Klaus Möckel: Steffis Party

ELEFANTEN PRESS, Berlin 1997, 126 S.

 

„Nichts war mehr geblieben, was Spaß machte.“ Alles ist anders geworden in Steffis Leben. Sie ist gerade mal zwölf, ein lebhaftes, zierliches Mädchen, das von ihren Freunden „Floh“ genannt wird. Zu Hause gibt’s dauernd Zoff, seitdem der Vater arbeitslos wurde und außerdem noch zu einer anderen Frau gezogen ist. Die Mutter, allein mit Steffi und der zweijährigen Yvonne, ist überlastet und reagiert oft gereizt. Was bleibt, ist rumhängen vor der Glotze. Zum Lernen fehlt auch die rechte Lust, die neue Klassenlehrerin ist nicht ihr Fall, und wozu überhaupt sich anstrengen? Von älteren Schülern weiß sie, daß sie trotz guter Zensuren bei einer Lehrstelle leer ausgegangen sind. Einziger Lichtpunkt ist da die Clique. Die Freunde sind zwar etwas älter, aber sie haben ähnliche Erfahrungen, und sie akzeptieren Steffi. In diesem Trott wäre es sicher noch eine Weile weitergegangen, wenn da nicht diese blöde Party, die Steffi anstiftete, so schief gelaufen wäre. Dabei wollten sie nur ein bißchen Spaß haben. Spaß allerdings auf Kosten anderer. Daß es ausgerechnet Britta, eine Mitschülerin, traf, störte dabei wenig. Die Klassenbeste konnte getrost mal einen Denkzettel vertragen. Gewaltsam verschafft sich die Clique Zutritt zum Gartenhaus von Brittas Eltern, haust wie die Vandalen, und wie sich später herausstellt, bedient sich einer von ihnen auch am fremden Eigentum. Das war nicht abgemacht. Zu allem Ungemach hat Steffi ihren Taschenspiegel liegengelassen, ausgerechnet Britta findet ihn.
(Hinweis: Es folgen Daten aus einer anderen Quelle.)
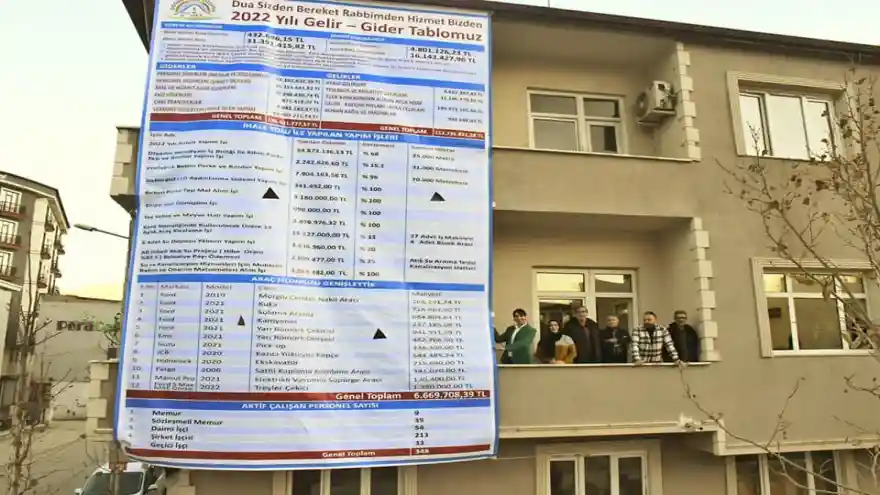 Doğubayazıt Belediyesi Gelir-Gider Tablosu astı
Nichts ist nach dieser Party mehr so wie zuvor. Auf einmal zeigt sich, wie brüchig die „verschworene Gemeinschaft“ ist und wie unterschiedlich die Vorstellungen und Erwartungen der einzelnen an Freundschaft sind. Alles dreht sich um die Frage: Wird Britta schweigen oder wie kann sie zum Schweigen gebracht werden? Das Geschehen nimmt eine bedrohliche Wendung. Vor allem Steffi gerät zunehmend in Konflikt mit der Clique, doch den Mut zur Wahrheit oder zum Aussteigen hat sie nicht.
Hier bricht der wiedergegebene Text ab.